Se sua TV é por cabo digital, ainda tem todo o processo de codificar e comprimir o sinal, MAIS o processo de descomprimir.

Se você assiste via streaming, a própria rota dos pacotes TCP/IP irá afetar o tempo de atraso das imagens. Seu provedor não necessariamente fará o mesmo caminho que outro.

Einstein é implacável. Tempo é relativo, nossa percepção não está preparada para lidar com o conceito de coisas acontecendo ao mesmo tempo E em tempos diferentes. Quem escuta a rua gritando gol enquanto a televisão ainda mostra a jogada sendo armada não percebe mas está… vivendo no passado.

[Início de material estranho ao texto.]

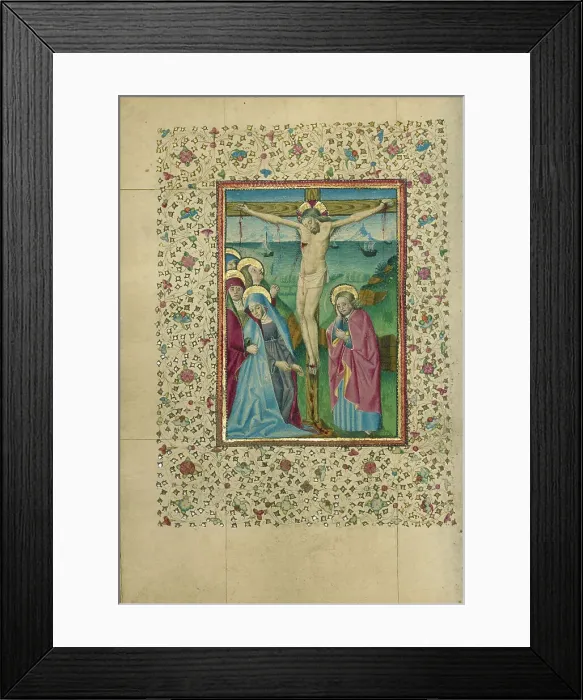 Framed Print : The Crucifixion; Book of Hours, about 1460. Creator: Unknown Framed Print : The Crucifixion; Book of Hours, about 1460. Creator: Unknown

Dá para conviver com o perceptivo, irritante mas aceitável atraso nas ligações telefônicas, mas uma conversa com 5 pessoas em continentes diferentes, usando meios de comunicação com tempo de transmissão diferentes logo se tornaria uma confusão só.

Claro, tecnicamente é possível resolver isso, da mesma forma que é feito com games: o servidor central gerencia o tempo de resposta de cada cliente e nivela por baixo. Na prática, NINGUÉM vai querer atrasar sua transmissão para se igualar a um mané qualquer usando 3 satélites pra ver um jogo no mesmo bairro. Portanto, lamento dizer, é um caso de spoiler que não tem jeito. A não ser você vede acusticamente sua sala. Obrigado de novo, Einstein.